Ibn Zuhr, or Avenzoar, wrote a companion volume to Averroes’ medical textbook. Of course, both men worked from the idea that bodies must be balanced with food, hot with cold, dry with wet, for health. All medical science at this time was based on Aristotle’s “four humors.” But in Kitab al-Taysir, he also described the Scabies mite, the smallest animal that could be seen without magnification, which would not be available for several more centuries. He also reported that he had practiced and perfected some surgical techniques by operating on animals, like giving a goat a tracheotomy. In other work, he suggested plastic surgery for ungainly facial features. Perhaps most remarkably of all, his daughter and grand-daughter became obstetricians.

Ibn al-Baitar was born after Ibn Zuhr’s death, and near the end of Ibn Rushd’s life, but in the same intellectual environment that they had helped to shape. He lived in Malaga and studied botany. Botany was a branch of herbal medicine, so he was collecting plants and cataloging them as to their use. He studied plants all over Spain, then moved south into Morocco. He collected plants there, and worked his way across North Africa through Tunis, Algeria and Libya. He traveled to Constantinople and its nearby Antalya region. He ended up back in Cairo, serving Saladin’s successors as their Chief Physician and herbalist. When he followed Sultan al-Kamil to Damascus, he was able to study the plants of Palestine and Syria, too.
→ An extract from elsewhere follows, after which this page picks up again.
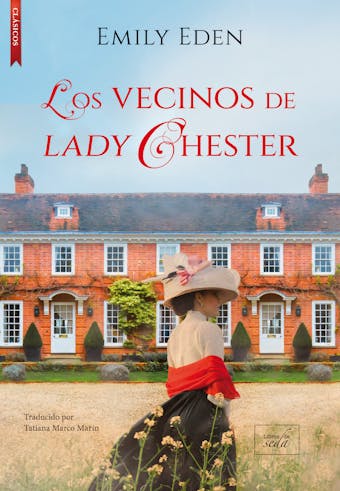 Los vecinos de lady Chester : (The Semi-Detached House)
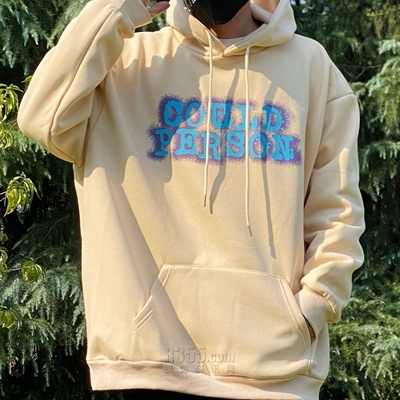 市场上装-卫衣-电商卫衣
Ibn al-Baitar’s major work was, of course, an encyclopedia of herbs. It compiled in alphabetical order all of the herbs known to the ancients, as well as another 400 discovered by Muslim doctors. Each entry told what he knew about the plant, and then provided citations from older writers, both Greek and Arabic. His second major work was an encyclopedia of medicine, which drew heavily from his herbal work.

Probably near the end of his life, Ibn al-Baitar described a new chemical that he called “Chinese snow.” It was saltpeter, the earliest explosive gunpowder. He died in 1248, just before gunpowder began to be produced in Europe and the Middle East. In 1270, another Arabic writer (Hasan al-Rammah) described how to make and purify saltpeter. That’s how it all began.